Sunday, August 17, 2014

The next right thing

Yesterday I was talking with someone about facebook and my love-hate relationship with it. She's not on facebook and had the impression that it was just a bunch of people's opinions. I told her, "Oh, no -- there's news, too..." (then I realized that is ridiculous because "news" is oftentimes opinionated, but for the purpose of that conversation, I didn't go there.) I told her I follow newspapers and magazines and company websites. She told me her daughter uses facebook as a private community just for her friends. I started to tell her that purpose was achievable by adjusting your settings, but stopped. It was irrelevant.

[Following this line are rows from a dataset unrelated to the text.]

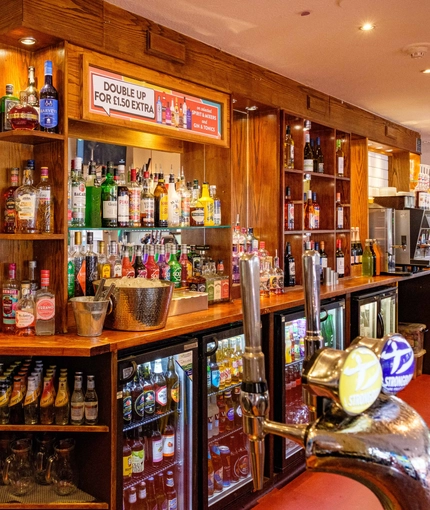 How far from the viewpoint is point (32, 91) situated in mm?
2498

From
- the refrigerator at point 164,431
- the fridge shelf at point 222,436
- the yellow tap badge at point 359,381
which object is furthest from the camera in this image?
the fridge shelf at point 222,436

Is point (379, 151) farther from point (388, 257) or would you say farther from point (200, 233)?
point (200, 233)

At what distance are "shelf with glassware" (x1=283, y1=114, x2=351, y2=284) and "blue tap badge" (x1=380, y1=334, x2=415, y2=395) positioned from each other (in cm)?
331

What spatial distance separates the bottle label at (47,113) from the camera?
8.00 ft

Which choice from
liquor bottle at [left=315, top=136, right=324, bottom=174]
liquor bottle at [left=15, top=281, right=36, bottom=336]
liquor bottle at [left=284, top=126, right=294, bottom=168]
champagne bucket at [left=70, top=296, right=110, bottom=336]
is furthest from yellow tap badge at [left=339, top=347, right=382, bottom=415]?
liquor bottle at [left=315, top=136, right=324, bottom=174]

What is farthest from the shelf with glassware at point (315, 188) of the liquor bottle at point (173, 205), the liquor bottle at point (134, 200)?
the liquor bottle at point (134, 200)

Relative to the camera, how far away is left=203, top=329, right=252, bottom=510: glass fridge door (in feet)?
9.79

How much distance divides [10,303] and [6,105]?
887 mm

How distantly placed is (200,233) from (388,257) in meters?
2.39

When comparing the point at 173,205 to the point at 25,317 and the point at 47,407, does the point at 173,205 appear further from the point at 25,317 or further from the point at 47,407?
the point at 47,407

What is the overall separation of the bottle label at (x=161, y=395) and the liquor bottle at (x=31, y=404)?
552mm

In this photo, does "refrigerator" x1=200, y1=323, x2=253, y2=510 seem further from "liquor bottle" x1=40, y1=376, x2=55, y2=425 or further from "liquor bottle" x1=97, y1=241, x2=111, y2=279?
"liquor bottle" x1=40, y1=376, x2=55, y2=425

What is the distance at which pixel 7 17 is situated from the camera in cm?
236

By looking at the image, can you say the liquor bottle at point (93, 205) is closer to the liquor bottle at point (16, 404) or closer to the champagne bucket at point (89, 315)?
the champagne bucket at point (89, 315) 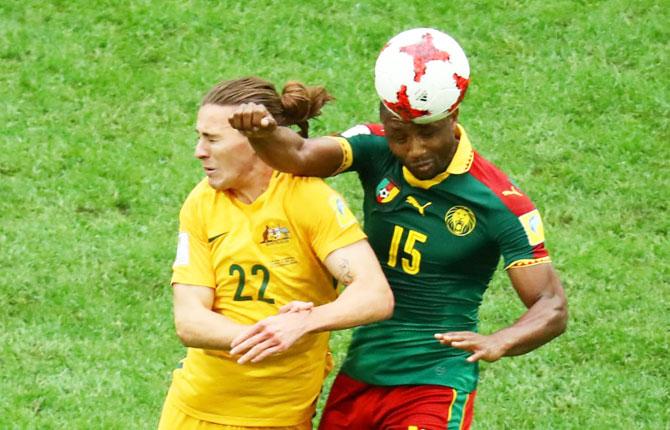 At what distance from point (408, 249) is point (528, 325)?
61 cm

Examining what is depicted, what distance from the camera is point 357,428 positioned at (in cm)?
689

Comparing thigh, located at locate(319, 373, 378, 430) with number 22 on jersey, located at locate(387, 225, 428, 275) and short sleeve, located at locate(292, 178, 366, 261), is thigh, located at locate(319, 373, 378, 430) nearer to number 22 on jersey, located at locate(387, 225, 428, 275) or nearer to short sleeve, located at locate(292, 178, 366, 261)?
number 22 on jersey, located at locate(387, 225, 428, 275)

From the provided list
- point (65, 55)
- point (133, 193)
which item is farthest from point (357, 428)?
point (65, 55)

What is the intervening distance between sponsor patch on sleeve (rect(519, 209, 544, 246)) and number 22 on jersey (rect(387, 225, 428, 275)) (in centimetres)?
41

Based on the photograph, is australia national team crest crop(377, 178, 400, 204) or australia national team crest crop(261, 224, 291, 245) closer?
australia national team crest crop(261, 224, 291, 245)

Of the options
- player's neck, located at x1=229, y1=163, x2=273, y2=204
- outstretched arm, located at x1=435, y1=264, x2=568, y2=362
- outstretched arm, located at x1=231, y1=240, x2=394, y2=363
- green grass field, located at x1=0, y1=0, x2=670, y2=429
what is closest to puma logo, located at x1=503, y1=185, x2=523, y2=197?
outstretched arm, located at x1=435, y1=264, x2=568, y2=362

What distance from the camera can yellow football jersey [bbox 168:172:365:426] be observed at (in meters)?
6.46

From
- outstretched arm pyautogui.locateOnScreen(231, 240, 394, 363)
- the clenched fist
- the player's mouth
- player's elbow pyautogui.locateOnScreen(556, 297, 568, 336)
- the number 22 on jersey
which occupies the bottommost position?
player's elbow pyautogui.locateOnScreen(556, 297, 568, 336)

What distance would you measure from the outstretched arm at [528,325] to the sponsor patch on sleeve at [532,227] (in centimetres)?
11

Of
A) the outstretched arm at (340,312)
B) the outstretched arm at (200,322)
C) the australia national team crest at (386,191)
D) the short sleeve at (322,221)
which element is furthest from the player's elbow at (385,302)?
the outstretched arm at (200,322)

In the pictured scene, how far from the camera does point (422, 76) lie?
248 inches

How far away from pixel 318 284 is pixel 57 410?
2.90 m

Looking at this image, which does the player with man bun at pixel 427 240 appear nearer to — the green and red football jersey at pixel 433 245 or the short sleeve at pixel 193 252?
the green and red football jersey at pixel 433 245

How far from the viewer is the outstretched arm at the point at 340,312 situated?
6141 millimetres
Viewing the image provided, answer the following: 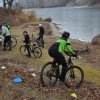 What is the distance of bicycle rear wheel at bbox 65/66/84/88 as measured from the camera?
13691 millimetres

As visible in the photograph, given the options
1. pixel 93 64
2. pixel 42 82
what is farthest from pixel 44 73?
pixel 93 64

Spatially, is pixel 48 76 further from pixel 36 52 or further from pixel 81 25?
pixel 81 25

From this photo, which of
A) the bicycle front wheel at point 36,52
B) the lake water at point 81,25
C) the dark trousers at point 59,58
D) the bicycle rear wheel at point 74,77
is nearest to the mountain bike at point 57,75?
the bicycle rear wheel at point 74,77

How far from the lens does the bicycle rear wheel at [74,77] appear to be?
1369cm

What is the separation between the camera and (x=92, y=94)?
520 inches

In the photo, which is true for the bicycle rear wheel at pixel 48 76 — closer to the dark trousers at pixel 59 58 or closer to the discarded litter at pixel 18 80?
the dark trousers at pixel 59 58

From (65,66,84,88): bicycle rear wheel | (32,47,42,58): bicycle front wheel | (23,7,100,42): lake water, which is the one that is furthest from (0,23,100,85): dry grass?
(23,7,100,42): lake water

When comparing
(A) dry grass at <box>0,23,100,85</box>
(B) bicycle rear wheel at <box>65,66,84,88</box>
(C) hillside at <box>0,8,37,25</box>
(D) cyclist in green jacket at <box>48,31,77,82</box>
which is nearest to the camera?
(D) cyclist in green jacket at <box>48,31,77,82</box>

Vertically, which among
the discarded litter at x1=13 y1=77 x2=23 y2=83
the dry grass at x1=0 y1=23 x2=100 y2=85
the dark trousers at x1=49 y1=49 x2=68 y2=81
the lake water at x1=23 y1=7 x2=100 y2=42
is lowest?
the lake water at x1=23 y1=7 x2=100 y2=42

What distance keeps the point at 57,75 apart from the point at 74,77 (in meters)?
0.91

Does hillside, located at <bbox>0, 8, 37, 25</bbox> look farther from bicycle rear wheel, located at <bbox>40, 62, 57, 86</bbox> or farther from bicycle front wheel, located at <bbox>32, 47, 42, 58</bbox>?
bicycle rear wheel, located at <bbox>40, 62, 57, 86</bbox>

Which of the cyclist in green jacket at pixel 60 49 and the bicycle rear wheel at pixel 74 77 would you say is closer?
the cyclist in green jacket at pixel 60 49

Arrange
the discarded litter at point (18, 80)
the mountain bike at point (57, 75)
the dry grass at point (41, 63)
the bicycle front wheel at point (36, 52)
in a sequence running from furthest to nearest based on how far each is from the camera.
Result: the bicycle front wheel at point (36, 52) → the dry grass at point (41, 63) → the discarded litter at point (18, 80) → the mountain bike at point (57, 75)

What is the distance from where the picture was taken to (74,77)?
14.0 metres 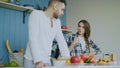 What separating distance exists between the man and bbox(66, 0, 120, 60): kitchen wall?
10.8 ft

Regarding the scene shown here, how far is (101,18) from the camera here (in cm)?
550

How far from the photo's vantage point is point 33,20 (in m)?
2.00

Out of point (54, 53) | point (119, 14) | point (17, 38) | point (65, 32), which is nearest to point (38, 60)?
point (17, 38)

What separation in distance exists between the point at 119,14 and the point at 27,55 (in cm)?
367

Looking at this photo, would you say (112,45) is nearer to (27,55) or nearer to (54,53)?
(54,53)

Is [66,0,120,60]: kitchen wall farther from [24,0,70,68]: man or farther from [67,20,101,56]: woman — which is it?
[24,0,70,68]: man

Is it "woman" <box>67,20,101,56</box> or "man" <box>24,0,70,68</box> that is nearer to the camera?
"man" <box>24,0,70,68</box>

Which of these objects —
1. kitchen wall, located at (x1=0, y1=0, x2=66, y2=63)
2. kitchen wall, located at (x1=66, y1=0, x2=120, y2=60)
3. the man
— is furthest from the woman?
kitchen wall, located at (x1=66, y1=0, x2=120, y2=60)

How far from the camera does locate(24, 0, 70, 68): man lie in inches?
76.5

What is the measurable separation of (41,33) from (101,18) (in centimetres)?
362

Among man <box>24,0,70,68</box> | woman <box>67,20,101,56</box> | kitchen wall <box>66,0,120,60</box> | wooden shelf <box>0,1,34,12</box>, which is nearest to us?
man <box>24,0,70,68</box>

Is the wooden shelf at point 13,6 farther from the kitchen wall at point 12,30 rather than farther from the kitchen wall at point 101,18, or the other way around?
the kitchen wall at point 101,18

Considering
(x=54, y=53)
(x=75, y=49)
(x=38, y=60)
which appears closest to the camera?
(x=38, y=60)

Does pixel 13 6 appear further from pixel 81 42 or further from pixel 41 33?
pixel 41 33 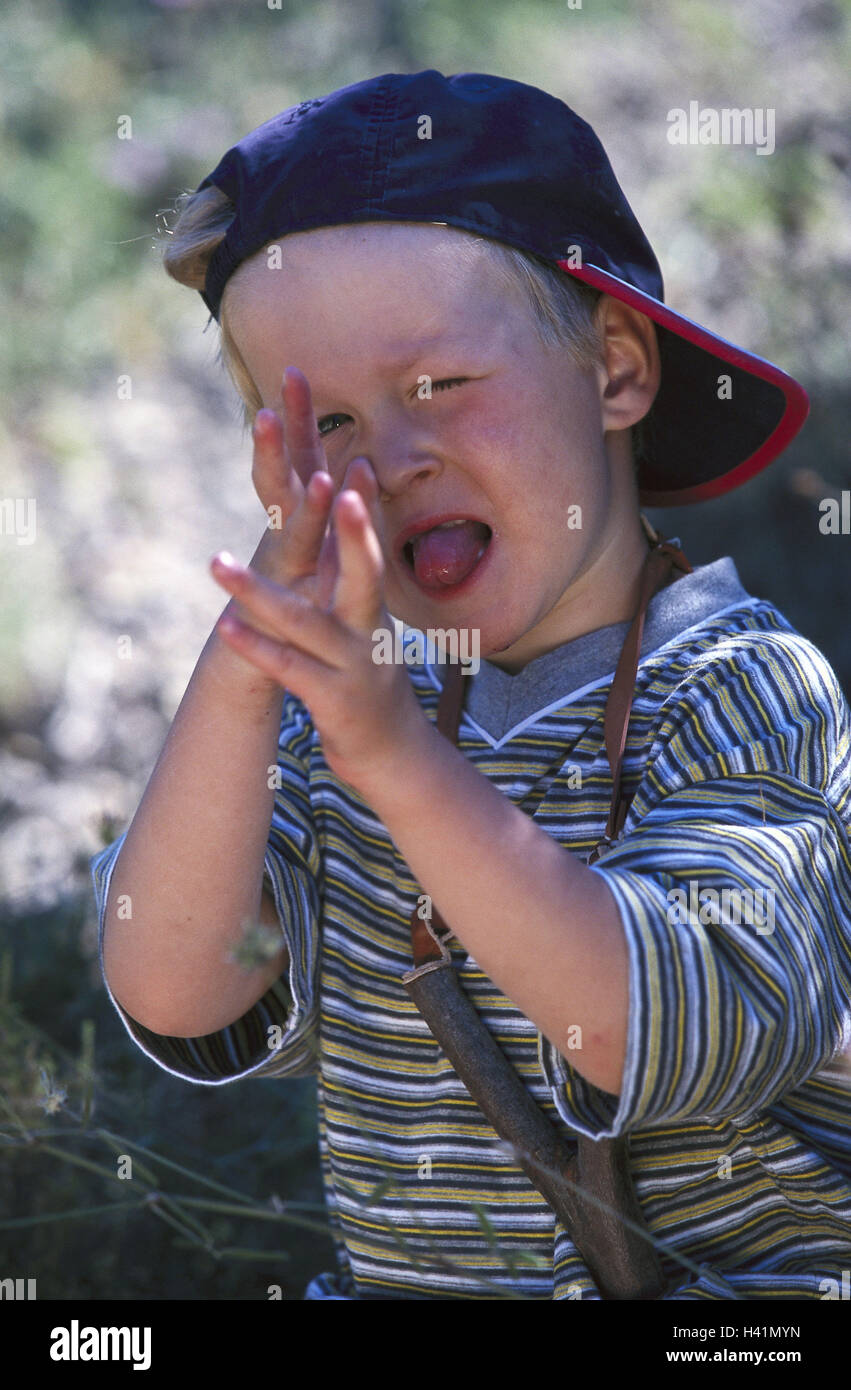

I imagined what it would be like if I was not on facebook. Would I read more books, magazines, newspapers? Would I send private messages another way? I have one good friend who I can only communicate with on facebook messenger or by calling (but her voicemail is always full). Our phones don't talk to each other any more since I switched to Android and she upgraded to whatever iOS is current now.

I thought about what if I just used my "author" page and simplified things? I used to have two twitter accounts (work and personal) and now I have one (personal). I still don't use it (unless you count the things that post there automatically from instagram).

This morning I took a look at my author page and realized (that I wanted to change the profile pic and) that someone had sent me a message more than a month ago about contributing to their teens and tweens website. After I got over my initial embarrassment about not noticing the message until now, I felt a spark of inspiration about the potential for a new niche, new meaning and purpose.

That's my good news for this morning and I just finished my cup of coffee (not as big as in the pic above) so now it's time to go to...guess where...baseball!